Exercise description: Below is a set of records, and all of them should be retyped exactly, minus the pictures.

Records provided:
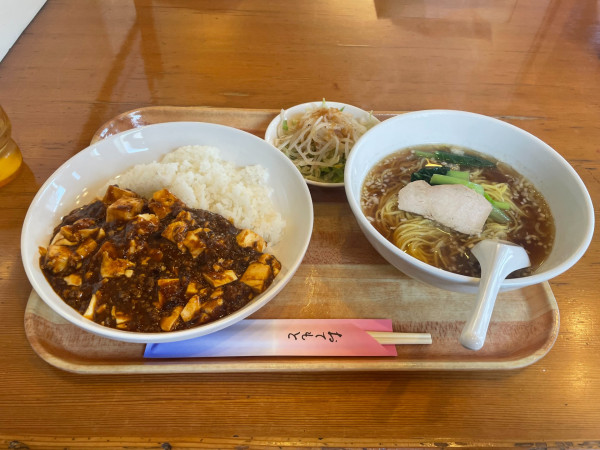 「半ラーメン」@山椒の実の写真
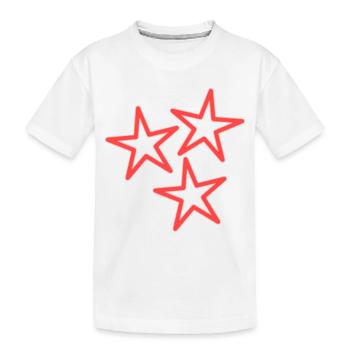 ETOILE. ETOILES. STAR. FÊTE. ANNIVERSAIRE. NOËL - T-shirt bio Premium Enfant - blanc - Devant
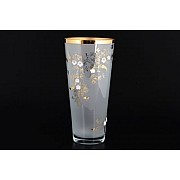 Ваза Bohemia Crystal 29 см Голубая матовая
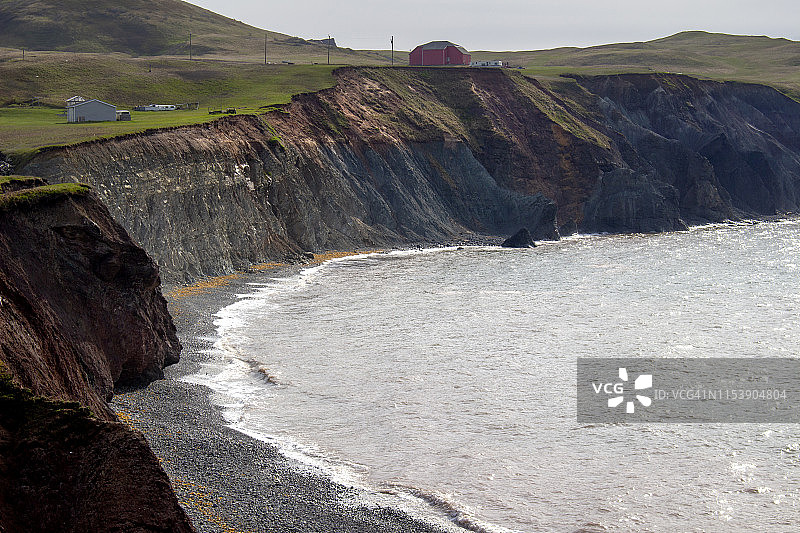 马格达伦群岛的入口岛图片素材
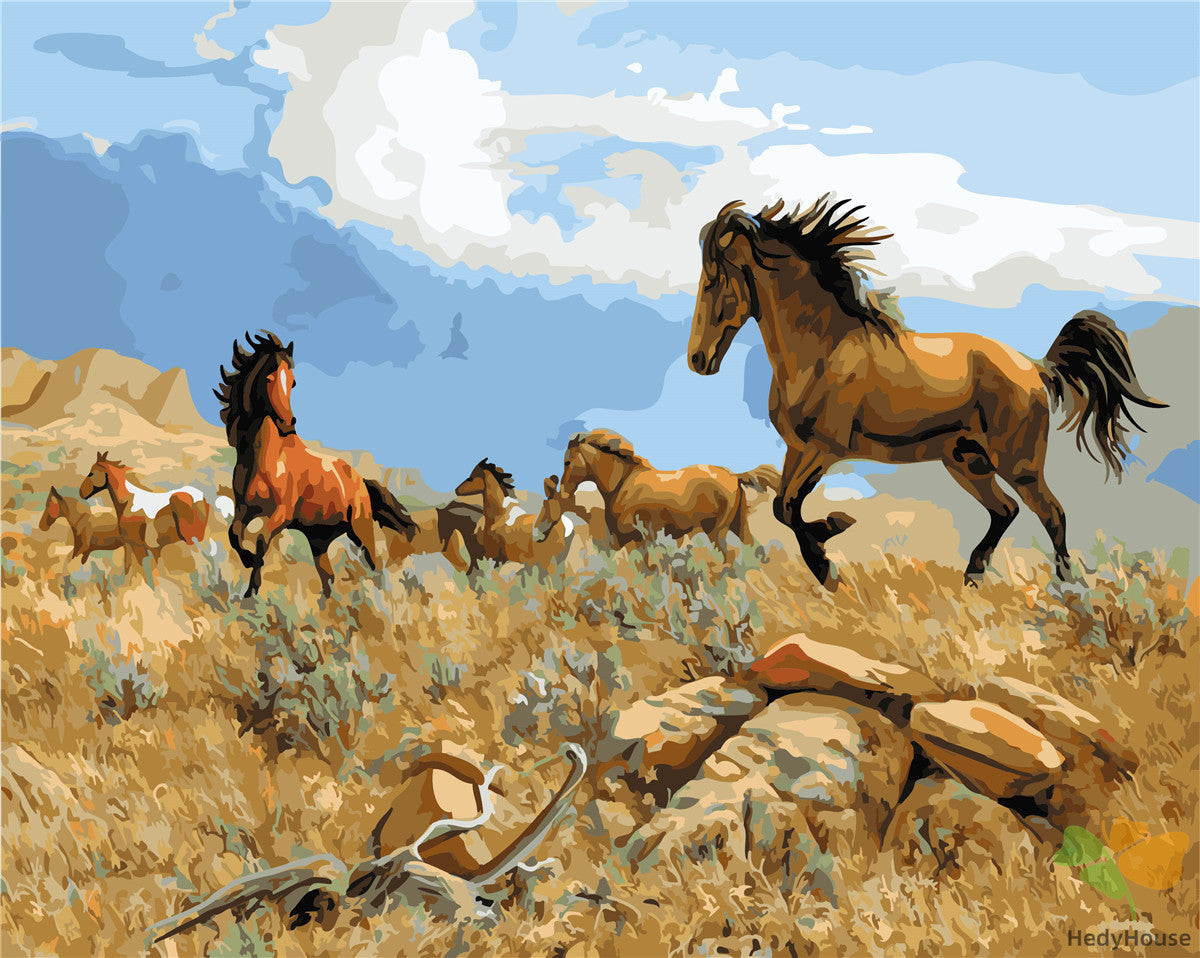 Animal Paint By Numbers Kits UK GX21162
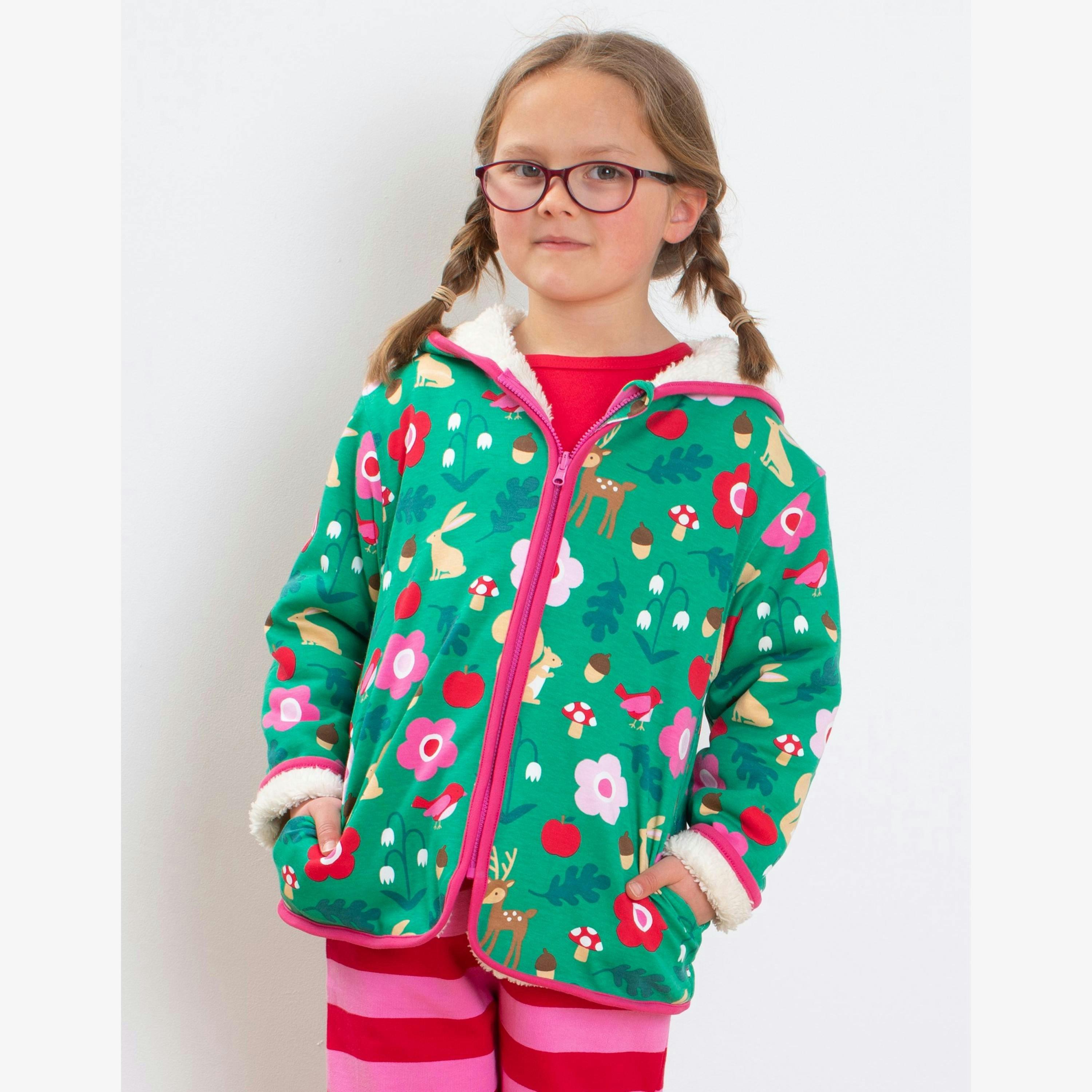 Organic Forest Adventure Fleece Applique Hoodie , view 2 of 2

Result for this exercise:
 「半ラーメン」@山椒の実の写真
 ETOILE. ETOILES. STAR. FÊTE. ANNIVERSAIRE. NOËL - T-shirt bio Premium Enfant - blanc - Devant
 Ваза Bohemia Crystal 29 см Голубая матовая
 马格达伦群岛的入口岛图片素材
 Animal Paint By Numbers Kits UK GX21162
 Organic Forest Adventure Fleece Applique Hoodie , view 2 of 2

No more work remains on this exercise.